Metrics Reporting and Monitoring

Solr supports both a pull-based Prometheus-formatted API and an OTLP push exporter for collecting detailed performance-oriented metrics throughout the lifecycle of Solr services and their various components.

All metrics natively include attributes/labels, providing users with powerful ways to aggregate metrics in their preferred backend, as well as descriptions to help understand what each metric represents.

Internally this feature uses OpenTelemetry, which uses the following instruments to measure events. For more information on instruments see the OpenTelemetry documentation on Metric Instruments.

Solr metrics provide raw data that must be aggregated and calculated by monitoring backends (Prometheus, Grafana, etc.). Counters can be use to calculate rates and averages over time windows. Histograms provide raw bucket data that backends use to calculate percentiles (p50, p75, p95, p99, p999), averages, and other statistical measures. Solr delegates these calculations to your monitoring system for better flexibility and reduced load on Solr. See Performance Statistics Reference for examples with PromQL on how to calculate these rates and percentiles.

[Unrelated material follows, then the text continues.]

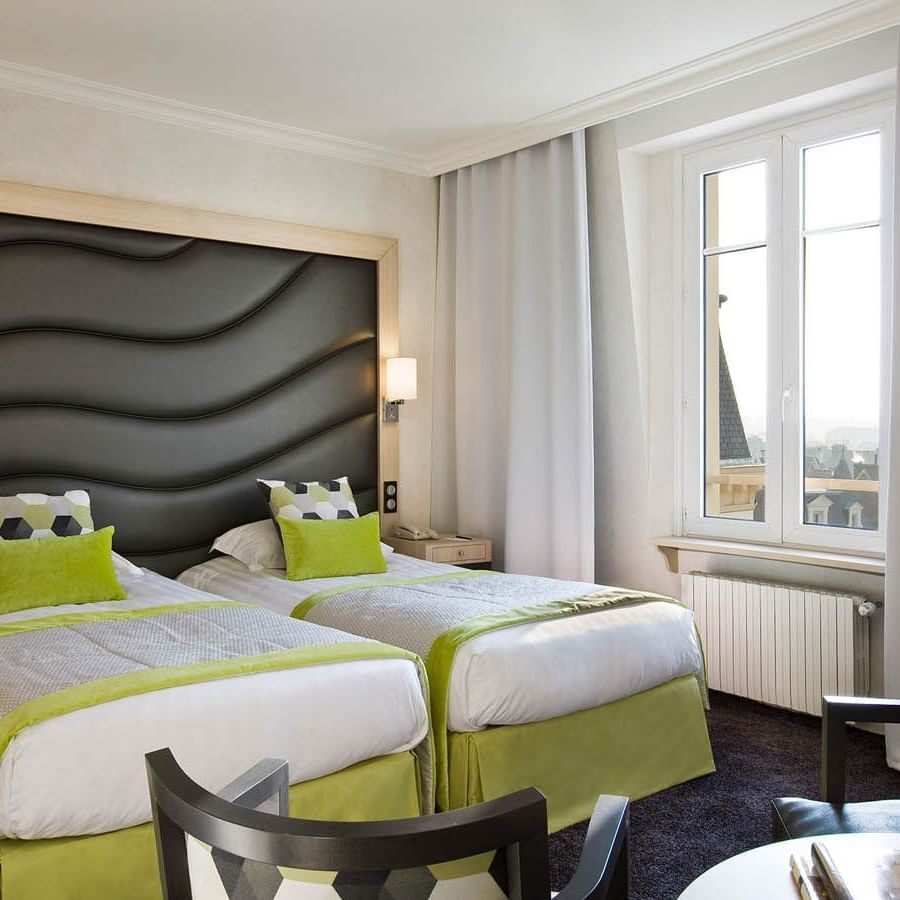Two beds facing small seating area with a cushioned headboard in Escale Supérieure at Le Grand Hôtel des Thermes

Some metrics and/or events may be missing or empty if the metric was never recorded and therefore won’t appear. Specifically, metrics will not appear if the triggering event never occurs.

Metric Registries

Internally, Solr categorizes metrics into registries that group related metrics together. While users don’t need to understand these registries and should focus on the attributes attached to metrics for aggregation, being aware of them can be helpful for knowing what metrics are available and their base set of attributes.

Metrics are maintained and accumulated throughout all lifecycle phases of components, from process startup until shutdown. For example, metrics for a particular SolrCore are tracked through multiple load, unload, and rename operations, and are only deleted when a core is explicitly deleted. However, metrics are not persisted across process restarts; restarting Solr will discard all collected metrics.

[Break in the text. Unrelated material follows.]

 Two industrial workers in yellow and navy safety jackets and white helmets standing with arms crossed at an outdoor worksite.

These are the major groups of metrics that are collected:

Node / CoreContainer Registry

The Node Registry records metrics at the process level that are not specific to any core. Metric names are prefixed with solr_node_ and include the following information:

  • handler requests (count, timing): collections, info, admin, configsets, etc.

  • number of cores (permanent, unloaded)

Core (SolrCore) Registry

The Core (SolrCore) Registry includes all core-level metrics with one registry for each core. All core metrics are prefixed with solr_core_ in the name. In addition to the prefix, all core metrics have the following standard set of core attributes attached for aggregation:

In cloud mode:

core

Name of the core.

collection

Name of the collection.

replica_type

The type of replica. This can be NRT/TLOG/PULL.

shard

The name of the shard.

In standalone mode, only the core attribute is attached to the metrics.

Some examples of metrics available from the core registry:

  • All common RequestHandlers report request timers/counters, timeouts, and errors. Handlers that process distributed shard requests include a boolean internal attribute for each type of distributed request, differentiating between external client requests and internal requests.

  • Index-level events: meters for minor/major merges, number of merged documents, number of deleted documents, and number of flushes.

  • Shard replication and transaction log replay on replicas.

RequestHandlers can be configured to roll up core-level metrics to the node level in addition to reporting them per core. This is useful when you have a large number of cores per node and are interested in aggregate metrics per node.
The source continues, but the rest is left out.